Ci spostiamo più a nord a San Demetrio Corone, che è uno dei tanti villaggi di origine arbëreshë, la cui Abbazia risale al X d. C., fondata dal monaco basiliano San Nilo di Rossano. All’interno un tappeto di mosaici dell’XI secolo di animali e mostri di origine bizantina, serpenti e pantere, attorcigliati e avvinti su stessi o insieme ad altri mostri. Il villaggio è piccolo, poche migliaia di anime, parlano arbëreshë, una lingua greco- arcaica, hanno una loro religione: quella ortodossa. Il centro storico è racchiuso da poche strade, con case fatti di mattoni, ben tenuto. Archi e straduzze ne disegnano l’architettura dei villaggi illirici del medioevo. Sono i migranti del 1400 arrivati dall’oriente in seguito all’occupazione turca dell’attuale Albania e Grecia, portati qui dall’eroe Skanderbeg. Camminare nelle loro strade, ascoltarli mentre discutono nella piazza, sotto la statua del loro eroe indiscutibile, significa perdersi nel tempo della storia.

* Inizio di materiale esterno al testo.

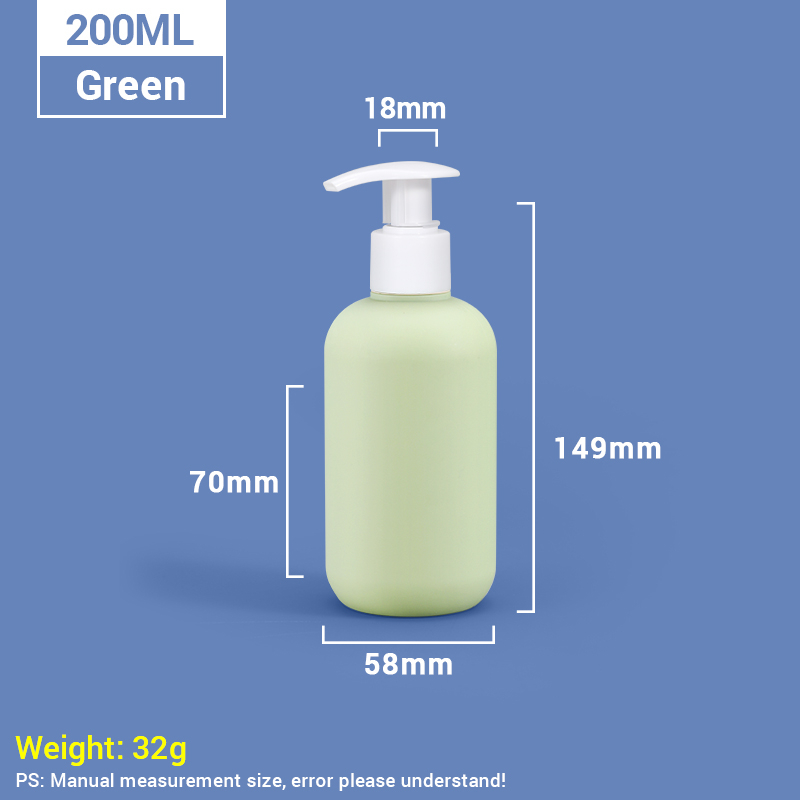 200 ml Green Portable Taille de voyage en plastique bouteilles de shampooing avec pompe auto-verrouillable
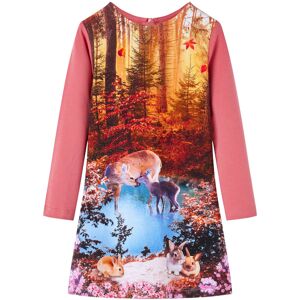 vidaXL Vestido infantil de manga larga rosa 92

Attraversiamo le colline di grano e ulivi e risaliamo su in montagna, più vicini al massiccio della Sila. Acri è un paese sdraiato su due colline, è uno dei più estesi della provincia di Cosenza. Arabi, saraceni, normanni, greci li ritroviamo dentro il centro storico più antico: Padia. L’ipotesi è che questo sia il sito della mitica Pandosia, capitale degli Enotri, un centro di commercio importante che si estendeva in buona parte del centro sud. Lasciamo su un lato la torre araba, e percorriamo gradini, vicoli, stradine, scoviamo una piccola chiesa, seminascosta dalle case del centro storico, risalente al X secolo. Una scoperta che vale il viaggio. Trovare reperti bizantini in questo posto così distante dai luoghi classici dell’oriente calabrese, impossibile solo pensarlo. Un luogo che pare sia stato colonizzato dai monaci basiliani con le loro icone e chiese ortodosse. Ci inerpichiamo sulla cima più alta del centro storico dove la sera ci coglie di sorpresa un tramonto mozzafiato, con il fiume che taglia in mezzo la montagna e da lassù ci indica la strada verso il mare.